Conectando ecosistemas para conservar la naturaleza y la cultura en el Caribe colombiano

Desde 2016, la de cinco años Conexión BioCaribe ha estado trabajando para reducir la degradación y fragmentación de los valiosos ecosistemas en la región del Caribe del norte de Colombia.

Los resultados hasta ahora incluyen 13 500 hectáreas de nuevas áreas protegidas y otras 116 000 hectáreas en proceso de creación; 5 000 hectáreas cultivadas bajo modelos alternativos de producción sostenible, con más de 1 500 familias que han participado en escuelas de campo para agricultores; 1 300 hectáreas de zonas de amortiguamiento de áreas protegidas establecidas con planes de producción sostenibles; y 68 000 hectáreas de conservación y uso sostenible de los recursos naturales.

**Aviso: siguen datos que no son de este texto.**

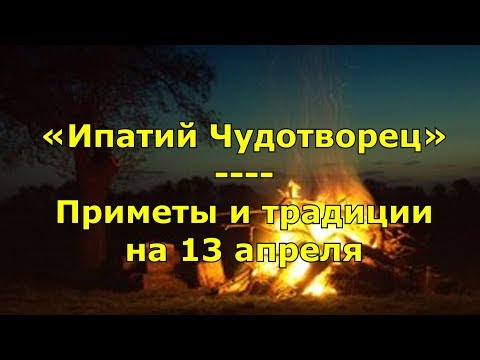 Народный праздник «Ипатий Чудотворец». Приметы и традиции на 13 апреля.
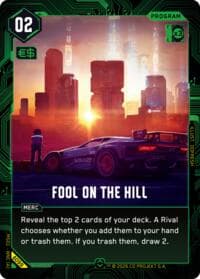 Fool on the Hill - Welcome to Night City - Beta - Cyberpunk TCG card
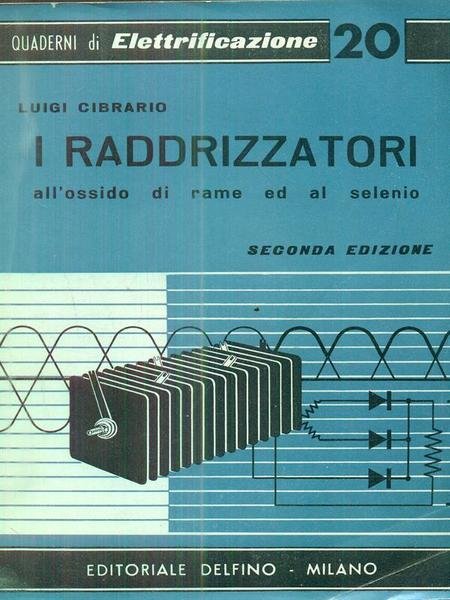 i raddrizzatori all'ossido di rame ed al selenio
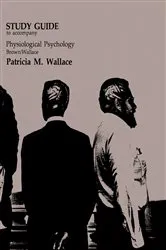 Book cover of Study Guide to Accompany Physiological Psychology Brown/Wallace by Patricia M. Wallace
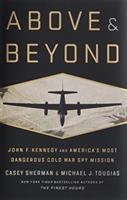 Above and beyond : John F. Kennedy and America's most dangerous Cold War spy mission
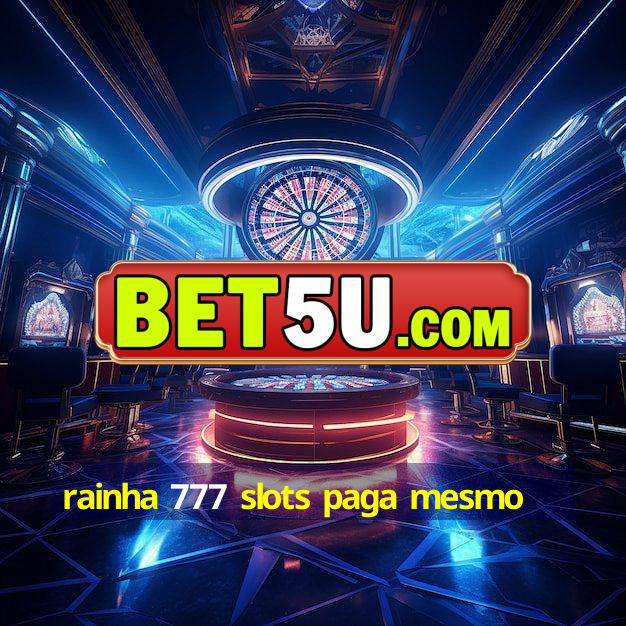 rainha 777 slots paga mesmo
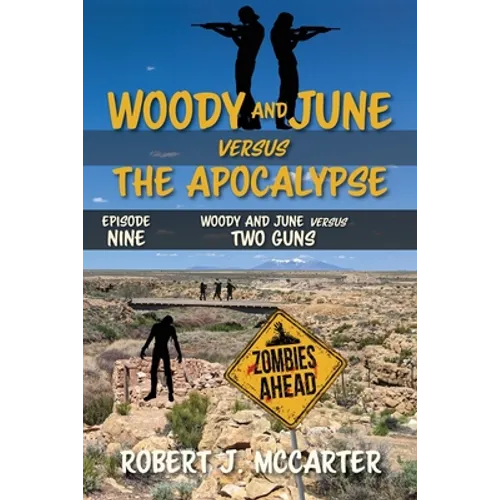 Woody and June versus Two Guns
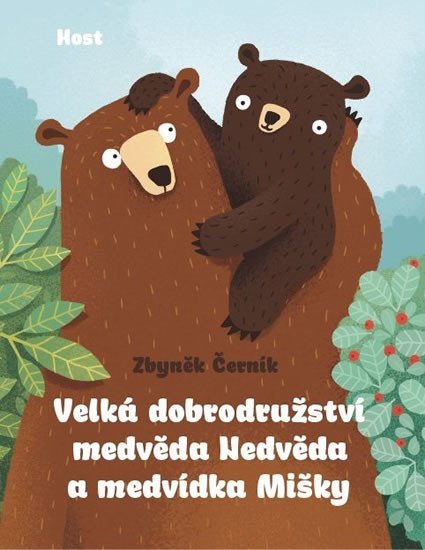 Levně Velká dobrodružství medvěda Nedvěda a medvídka Mišky - Zbyněk Černík
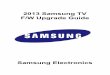 2013 Samsung TV F/W Upgrade Guide · Jangan tarik peranti USB keluar. Jangan cabut kabel kuasa. Jangan matikan TV. ※ Peringatan Menarik keluar peranti USB atau mencabut plag kabel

Guatemala: concesiones comunitarias en la Reserva de la Biosfera Maya

La Reserva de la Biósfera Maya fue creada en 1990 para proteger el área más grande de bosque tropical en América Central. Ocupa alrededor de 2,1 millones de hectáreas, incluidas 767 000 hectáreas bajo protección estricta, 848 400 hectáreas bajo uso múltiple (incluidas concesiones) y 497 500 hectáreas de propiedades privadas en la zona de amortiguamiento. Se han adjudicado alrededor de 533 000 hectáreas de concesiones en el área de usos múltiples, con objetivos explícitos de conservación.

Los resultados en términos de conservación de la biodiversidad en las concesiones incluyen niveles sostenibles de extracción de madera, control exitoso y menor incidencia de incendios forestales, mantenimiento de poblaciones de jaguares y deforestación de nivel bajo o igual a cero, lo que resultó en un aumento del 0.1 por ciento en la cubierta forestal entre 2016 y 2017.

Iniciativa de etiquetado apoya miel producida por mujeres bolivianas

La iniciativa Mountain Partnership Products (MPP) es un esquema de certificación y etiquetado que brinda apoyo técnico y financiero a los pequeños productores de montaña. Uno de los productos respaldados por dicha iniciativa es la miel de abejas de la especie Tetragonisca angustula, un producto forestal indígena cuidadosamente cosechado por una cooperativa de 160 mujeres de la comunidad guaraní en el Parque Nacional Serranía del Iñao, provincia del Chaco, Bolivia.

Las familias guaraníes han criado abejas desde la antigüedad. Sin embargo, la miel se ha convertido en un bien raro, ya que la deforestación y la introducción de abejas europeas más productivas ha reducido la distribución de las 350 especies de abejas sin aguijón conocidas. Perfectamente adaptadas al entorno local, las abejas sin aguijón son polinizadores cruciales; por lo tanto, esta iniciativa ayuda no solo a mantener los medios de vida de los apicultores y conservar las abejas, sino también a mantener la biodiversidad vegetal existente mediante la polinización.